I do not believe that humans are meant to be sexually monogamous. It is not in our nature. Both of our closest primate relatives, chimps and bonobos are promiscuous. Males and females mate with multiple partners and not only for reproductive purposes. Bonobos are well known (particularly among the sex-positive human community!) for having sex as a means of appeasement and reconciliation, to reduce stress and alleviate social tensions, and of course for fun.
Everyone from anthropologists to social commentators have made the claim that, contrary to accepted wisdoms, human beings – and women in particular – are just not cut out for monogamy. Moreover, many argue it is not just reproductive instincts that drive us to sleep around, it is our social ones too. Yes, promiscuity is good for humanity.
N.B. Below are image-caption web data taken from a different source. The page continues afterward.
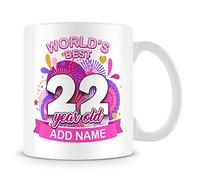 22nd Birthday Gift for Women - Personalised Mug/Cup - Add Name - Worlds Best Design - Pink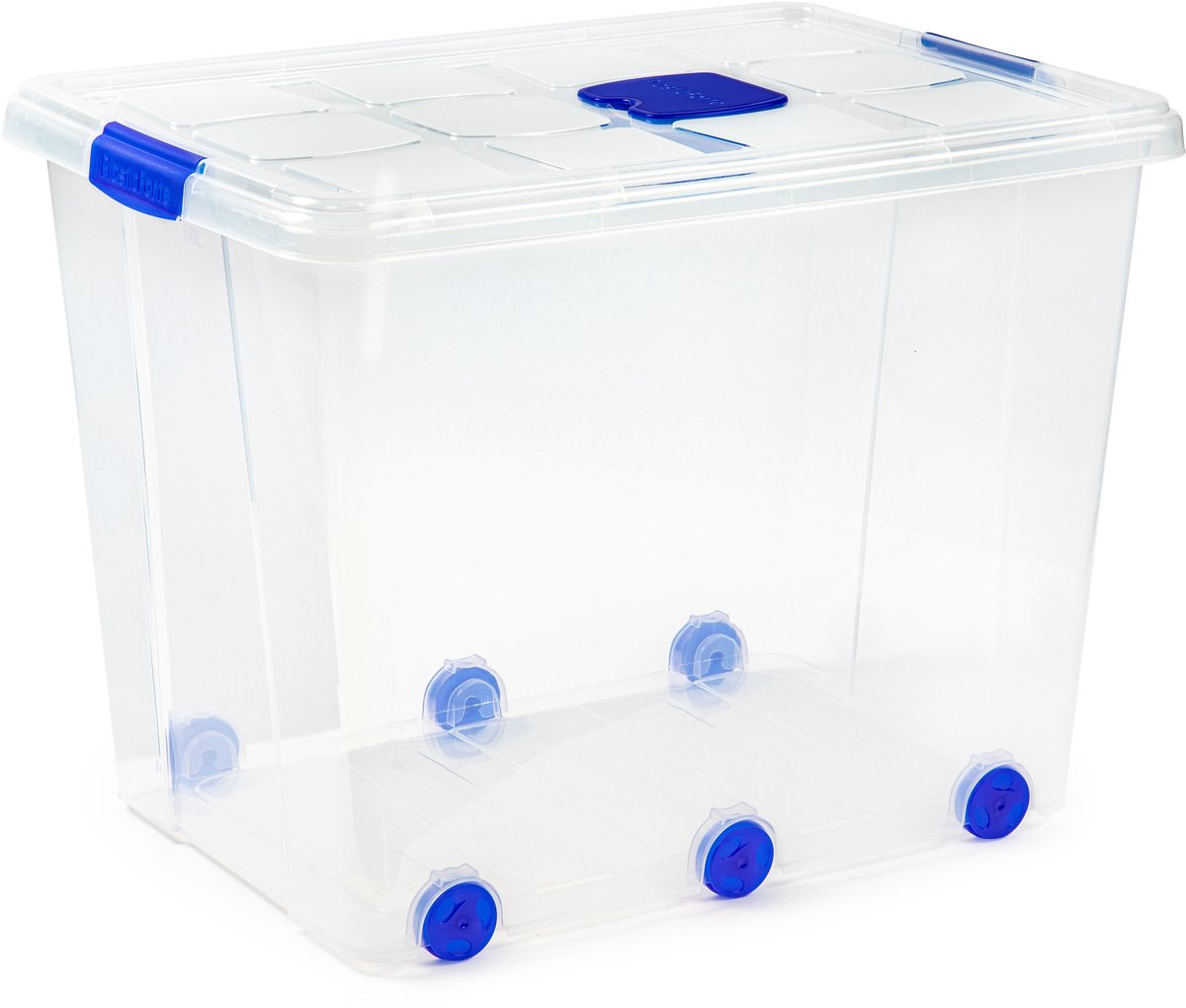 Plasticforte Opslagbox - 1x stuks - met deksel - 86L - 62 x 45 x 47 cm - transparant - opbergbak - met wielen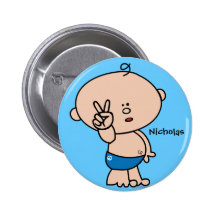 Peace dude Button - customizable name and bg colou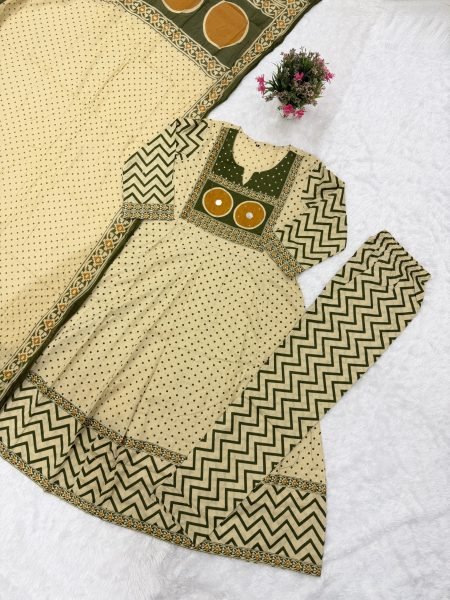 Supreme Cream Jaipuri Pure Cotton Suit Set with Printed Pants and Cotton Dupatta Anarkali Kurtis 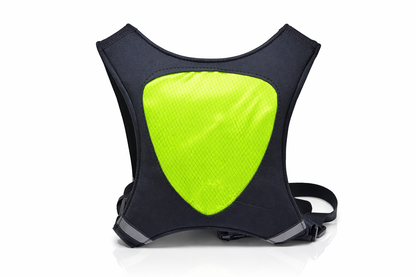 Gilet de signalisation vélo LED noir et jaune avec télécommande sans fil face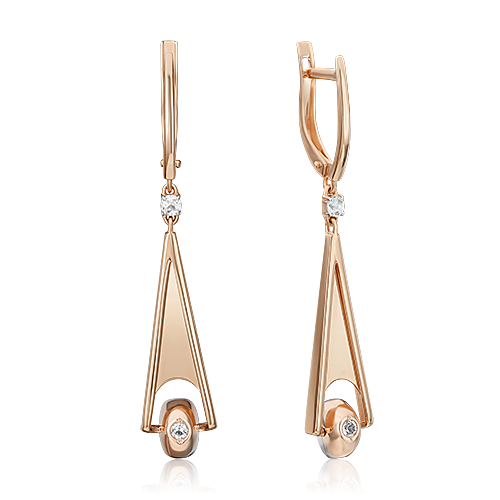 Серьги с английским замком из комбинированного золота с натуральными топазами white 02-4910-00-201-1111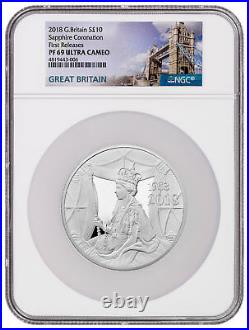 2018 Great Britain Sapphire Coronation 5 oz Silver NGC PF69 UC FR WithBox SKU54198
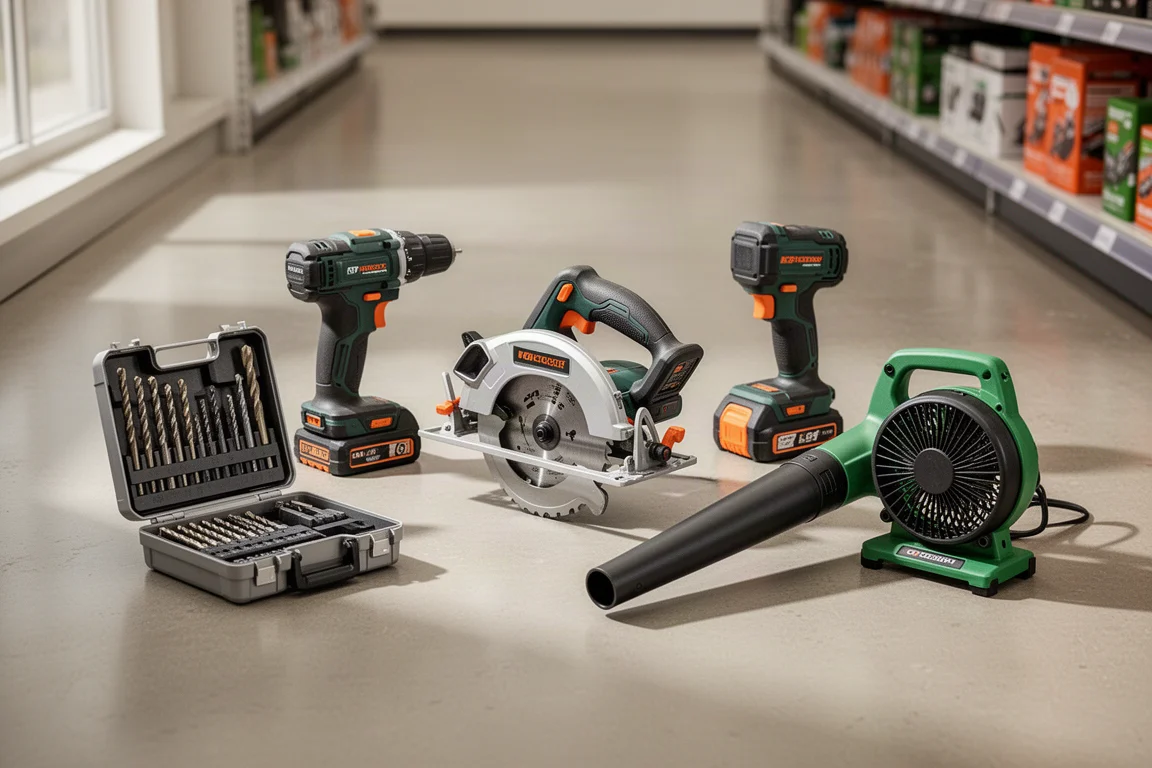Assorted cordless power tools arranged on a concrete floor in a bright retail setting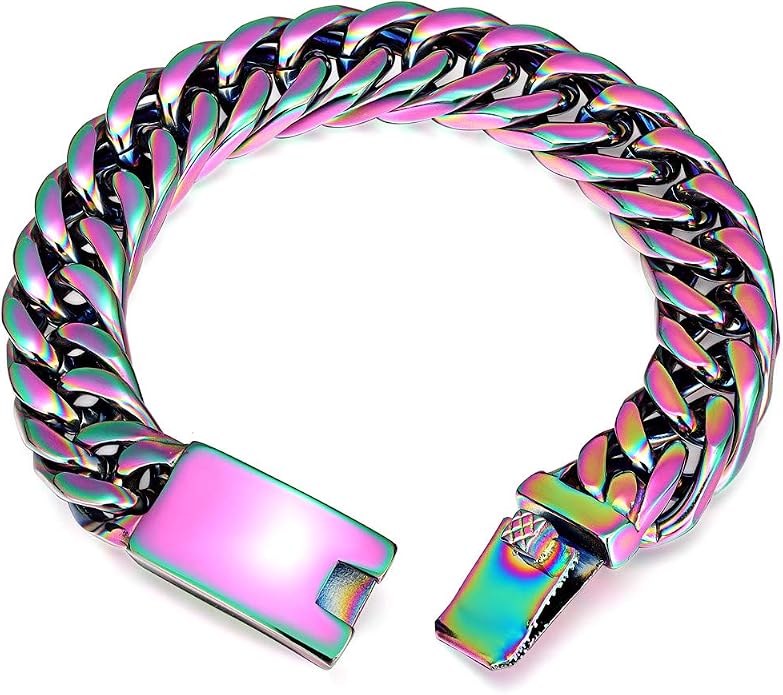 ROWIN&CO Stainless Steel Cuban Link Bracelet for Men Metal Wrist Bracelets Black/18K Gold Plated/Rainbow Wristchain for Male Women, Hip hop Jewelry Thick Bracelet Chain, W: 16mm, L: 8"/8.5"/ 9.5"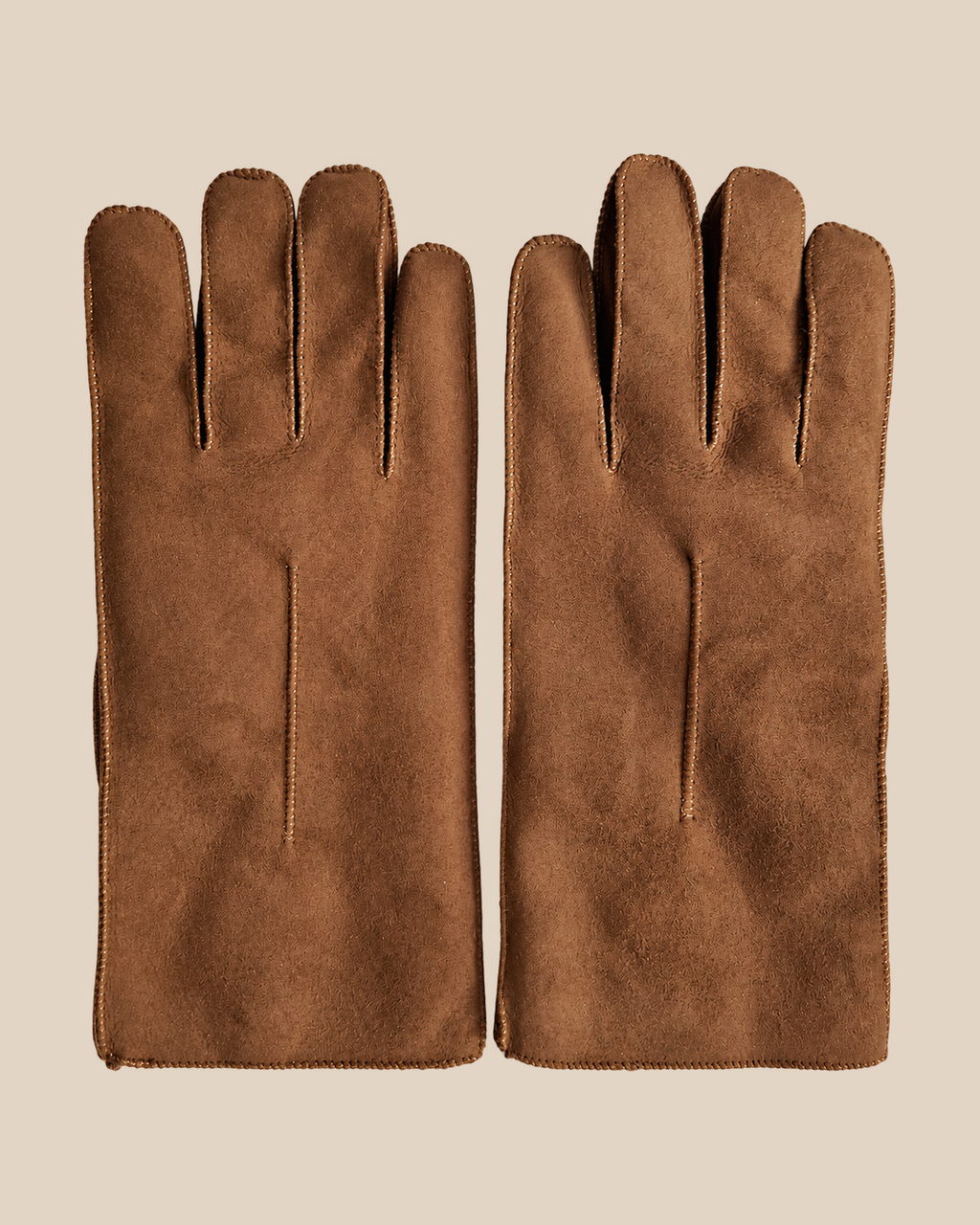 Suede shearling gloves - tobacco — product view 01, shearling gloves on a beige background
Those who require more convincing (or those who just love reading about this kind of thing in which case: Hi, let’s be friends!) check out the following articles…
And then, when you’ve finished with those, check out Sex At Dawn by by Cacilda Jethá and Christopher Ryan which discusses at length the reasons why monogamy is bullshit [my words, not theirs]. The writing is relentlessly gleeful to the point of occasionally being obnoxious but it’s compelling stuff nonetheless.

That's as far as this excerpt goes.